──────── EXERCISE MATERIALS

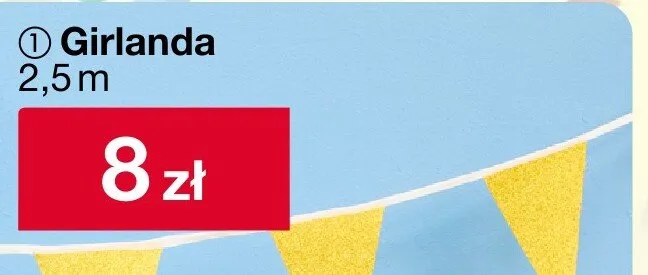 Girlanda 2,5m promocja w Woolworth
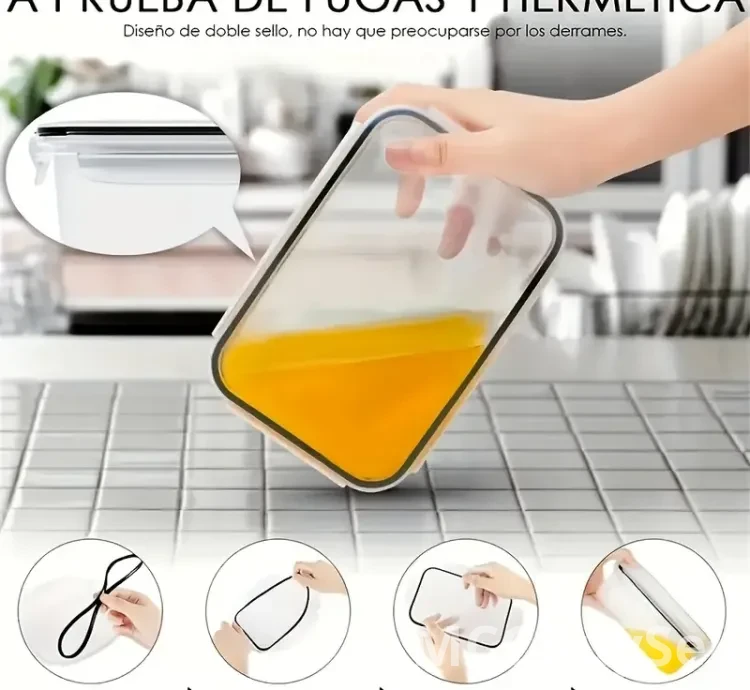 48 Pieces Food Storage Containers, Fresh-Keeping Boxes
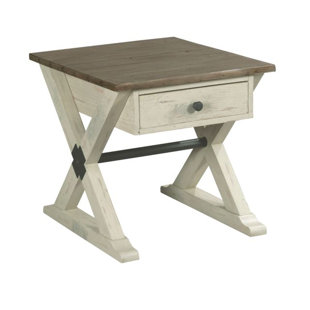 Wesley Trestle End Table With Storage by Highland Dunes Spacial Price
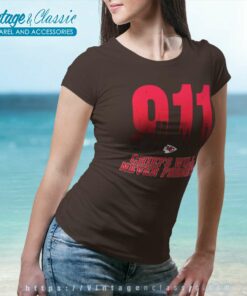 Kansas City Chiefs Nfl 911 Will Never Forget Women TShirt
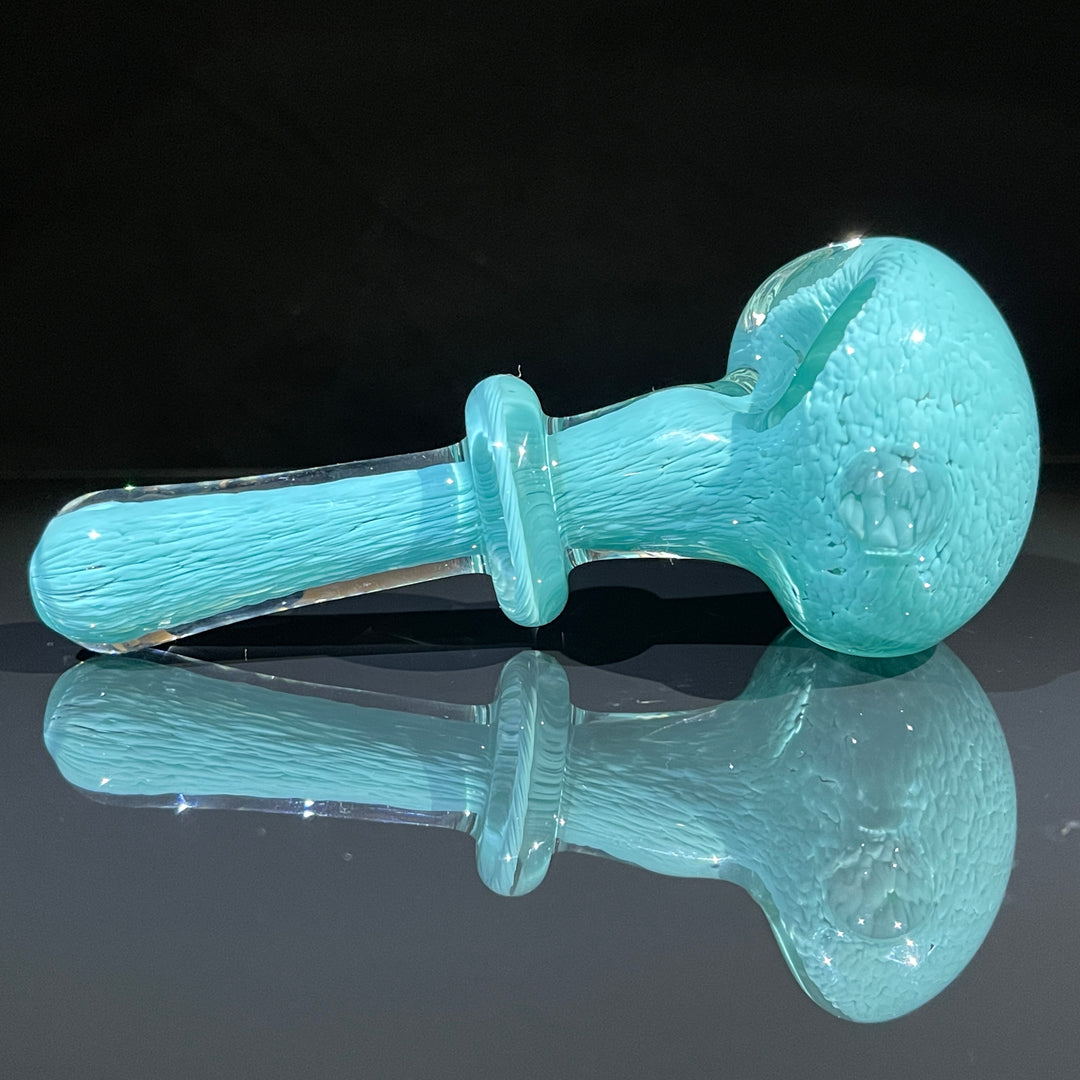 Thick Turquoise Frit Pipe Glass Pipe Chuck Glass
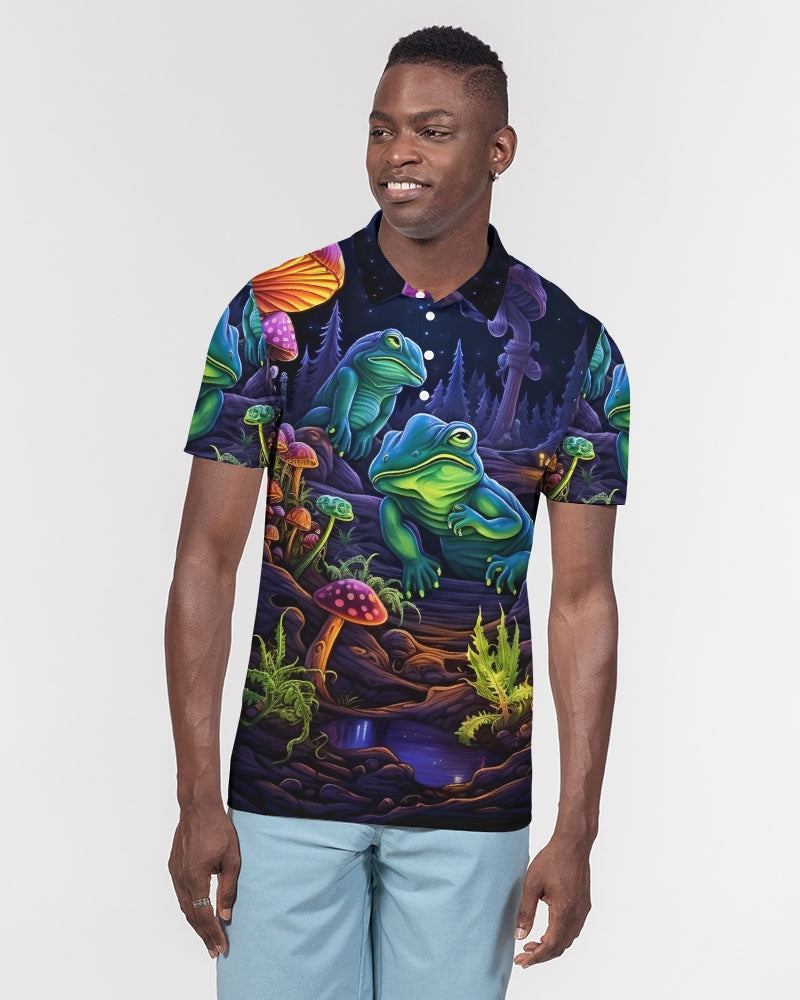 Wonder Light Men's Slim Fit Short Sleeve Polo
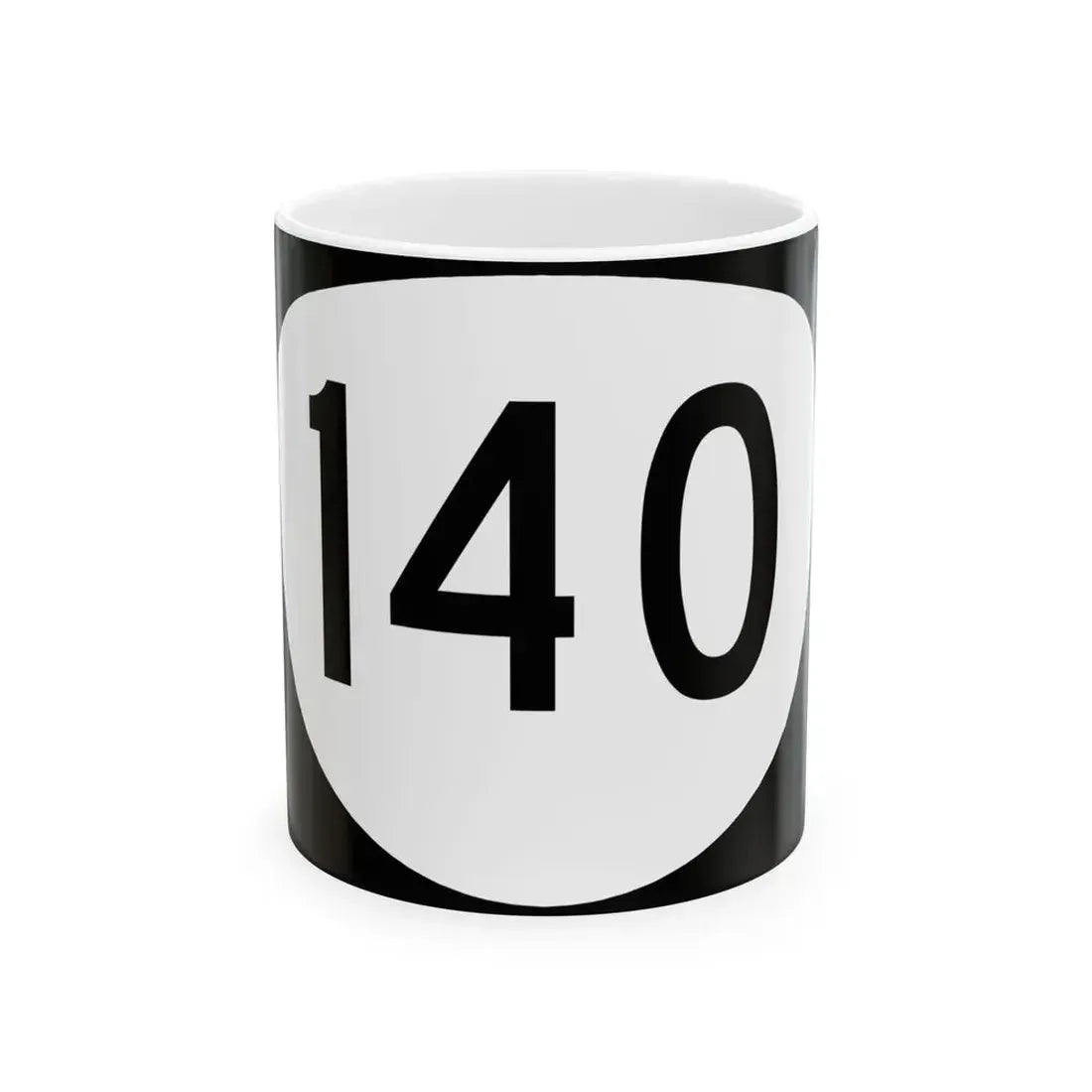 OR 140 (Oregon) (Road Sign) White Coffee Mug 11oz - Go Mug Yourself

────────────────

▸ **EXERCISE REQUIREMENTS**:
Please restate exactly the lines from the one containing "48 Pieces Food" down to the end of the material, both ends kept, and do not include the pictures.

▸ **WRITTEN ANSWER**:
 48 Pieces Food Storage Containers, Fresh-Keeping Boxes
 Wesley Trestle End Table With Storage by Highland Dunes Spacial Price
 Kansas City Chiefs Nfl 911 Will Never Forget Women TShirt
 Thick Turquoise Frit Pipe Glass Pipe Chuck Glass
 Wonder Light Men's Slim Fit Short Sleeve Polo
 OR 140 (Oregon) (Road Sign) White Coffee Mug 11oz - Go Mug Yourself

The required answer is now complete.